Sponsors may also want to consider certain proposed changes to retirement plan non-discrimination requirements that the IRS put forth on January 29, 2016. “They would make it more difficult for plans trying to provide qualified supplemental retirement plan benefits to HCEs,” Youn says. Plan sponsors whose plan designs require cross-testing or combined testing under Code 401(a)(4) for their profit-sharing contributions will want to consult their benefit experts about these proposed amendments, she advises.

The proposed regulation would require that groupings of employees be “reasonable” and established under “objective business criteria,” Calimafade says. Further, while the IRS currently permits sponsors to list each employee as their own individual group, which makes administration and cross-testing of plans easier, the proposed amendment would eliminate this practice, she says. “There has already been a tremendous outcry from the plan administration community since so many of the cross-tested plans have been designed this way,” she says.

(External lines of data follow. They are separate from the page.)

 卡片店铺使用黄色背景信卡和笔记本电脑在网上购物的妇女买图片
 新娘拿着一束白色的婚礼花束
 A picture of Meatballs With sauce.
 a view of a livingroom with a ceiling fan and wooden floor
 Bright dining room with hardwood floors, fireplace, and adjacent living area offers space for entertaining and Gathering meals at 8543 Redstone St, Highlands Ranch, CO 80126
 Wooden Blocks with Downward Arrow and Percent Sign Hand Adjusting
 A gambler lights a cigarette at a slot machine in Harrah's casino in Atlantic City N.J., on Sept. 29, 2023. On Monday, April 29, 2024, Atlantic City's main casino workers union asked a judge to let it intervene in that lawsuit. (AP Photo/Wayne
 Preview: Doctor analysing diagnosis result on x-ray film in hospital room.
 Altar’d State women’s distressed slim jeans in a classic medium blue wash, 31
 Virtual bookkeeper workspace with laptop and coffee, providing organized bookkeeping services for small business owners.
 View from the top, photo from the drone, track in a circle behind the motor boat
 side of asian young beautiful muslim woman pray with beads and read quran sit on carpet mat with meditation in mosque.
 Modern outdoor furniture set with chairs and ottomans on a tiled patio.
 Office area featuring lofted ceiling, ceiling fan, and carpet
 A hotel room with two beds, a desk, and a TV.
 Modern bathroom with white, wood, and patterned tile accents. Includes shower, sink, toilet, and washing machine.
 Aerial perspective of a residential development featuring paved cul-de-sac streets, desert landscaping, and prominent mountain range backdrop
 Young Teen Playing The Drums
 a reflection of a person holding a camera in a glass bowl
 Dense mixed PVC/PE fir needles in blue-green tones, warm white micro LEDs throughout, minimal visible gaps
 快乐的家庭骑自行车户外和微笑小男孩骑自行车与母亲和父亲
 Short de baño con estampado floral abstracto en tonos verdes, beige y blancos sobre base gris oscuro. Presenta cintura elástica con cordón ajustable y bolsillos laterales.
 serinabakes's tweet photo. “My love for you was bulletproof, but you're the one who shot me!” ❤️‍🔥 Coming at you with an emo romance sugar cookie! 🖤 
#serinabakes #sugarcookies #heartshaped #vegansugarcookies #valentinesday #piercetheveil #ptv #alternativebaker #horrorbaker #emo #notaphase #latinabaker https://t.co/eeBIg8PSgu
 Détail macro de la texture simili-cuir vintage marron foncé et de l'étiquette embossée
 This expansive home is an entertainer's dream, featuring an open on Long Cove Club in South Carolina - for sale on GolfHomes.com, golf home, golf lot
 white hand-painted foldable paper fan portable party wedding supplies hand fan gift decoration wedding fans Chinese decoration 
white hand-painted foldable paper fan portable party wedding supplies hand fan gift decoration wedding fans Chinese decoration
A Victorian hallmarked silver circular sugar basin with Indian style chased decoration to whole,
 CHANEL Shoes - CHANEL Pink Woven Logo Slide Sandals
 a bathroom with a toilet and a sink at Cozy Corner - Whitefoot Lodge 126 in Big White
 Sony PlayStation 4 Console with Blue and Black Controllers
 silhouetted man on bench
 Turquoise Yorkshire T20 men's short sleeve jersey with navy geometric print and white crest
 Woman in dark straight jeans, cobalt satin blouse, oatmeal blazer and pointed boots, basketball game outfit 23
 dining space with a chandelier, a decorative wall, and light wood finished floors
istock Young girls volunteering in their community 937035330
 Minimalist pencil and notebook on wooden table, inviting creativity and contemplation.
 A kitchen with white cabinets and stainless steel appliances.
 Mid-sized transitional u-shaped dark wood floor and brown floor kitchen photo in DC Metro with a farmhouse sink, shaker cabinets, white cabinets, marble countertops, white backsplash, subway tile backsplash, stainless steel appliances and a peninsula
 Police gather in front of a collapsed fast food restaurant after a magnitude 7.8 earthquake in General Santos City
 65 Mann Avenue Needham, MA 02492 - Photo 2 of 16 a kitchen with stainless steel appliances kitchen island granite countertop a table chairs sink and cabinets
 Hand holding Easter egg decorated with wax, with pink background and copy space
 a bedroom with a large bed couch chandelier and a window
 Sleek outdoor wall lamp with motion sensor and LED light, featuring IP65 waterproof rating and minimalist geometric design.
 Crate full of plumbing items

Putting the administration, costs and the proposed amendments to cross-testing aside, Well still believes cross-testing is a valuable tool for plan sponsors interested in offering profit sharing to their employees, and that if they find a TPA well versed in cross-testing, it is easy to administer. “It’s a great way to go,” he says, “and if more advisers and sponsors knew about it, it would be used more often.”